Home | Member Updates | Push for national Work From Home (WFH) rights: Greens back Vic Labor's two day proposal

Push for national Work From Home (WFH) rights: Greens back Vic Labor's two-day proposal

22 August 2025


Summary: The Australian Greens are leveraging Victoria's proposed two-day work-from-home legislation as a template for national workplace reform, addressing key vulnerabilities of state-based laws through federal Fair Work Act amendments. This strategic shift from regional experiment to coordinated national policy eliminates business arguments about competitive disadvantage and constitutional override risks. For universities, the move signals a higher probability of consistent national standards that could significantly impact how institutions manage their diverse workforces across campus-dependent and remote-suitable roles.

The Australian Greens have endorsed the Victorian Government's plan to legislate a legal right to work from home for two days per week, urging the federal government to adopt a consistent, national framework for remote work where it is reasonable and practical.

Under the Victorian proposal, employees would have a right to request working from home and employers would be required to give reasonable consideration to these requests, with the right applying to both public and private sector workers who can "reasonably" perform their duties remotely.

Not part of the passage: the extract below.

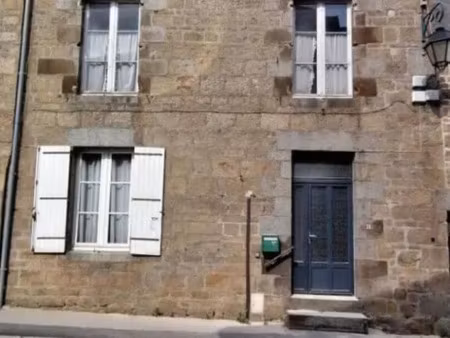 vente maison 4 pièces 75 m² carrouges (61320)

The Victorian Government has opened public consultation on the proposal, running until 28 September 2025, with legislation planned for introduction in 2026 ahead of the state election.

In South Australia, Greens are proposing a one-day WFH entitlement but Premier Peter Malinauskas opposes legislating such arrangements, citing unintended consequences and a preference for workplace-level negotiation. Source

Business groups have strongly criticised the proposal, with the Victorian Chamber of Commerce and Industry arguing it creates workforce inequality since only a small percentage of workers can work from home Source and the Australian Industry Group's Victorian head calling it "pure political theatre" that undermines business autonomy. Source

The Productivity Commission has also questioned the need for mandated remote work, arguing that flexibility is evolving naturally. Source

The shift from a Victorian-only initiative to potential national implementation is strategically significant for multiple reasons. State-based work-from-home legislation faces two key vulnerabilities: creating competitive disadvantages that could drive businesses to other jurisdictions and potential override by federal workplace relations law under the Fair Work Act. However, if the Greens succeed in establishing a national framework through federal legislation, both concerns are eliminated.

Higher Education sector insights

The Greens' announcement strengthens the growing political momentum behind embedding hybrid work arrangements into legislation, following the evolving expectations of modern workplaces. Their advocacy builds on past achievements such as securing the legal Right to Disconnect.

For the higher education sector, this highlights:

  • Greater employee-driven flexibility, especially for academic and professional staff balancing caregiving or commuting demands.
  • A compelling need to review remote work policies and ensure they align with an emerging national standard.
  • The importance of balancing operational needs with staff wellbeing and retention, avoiding unilateral revocation of flexible arrangements.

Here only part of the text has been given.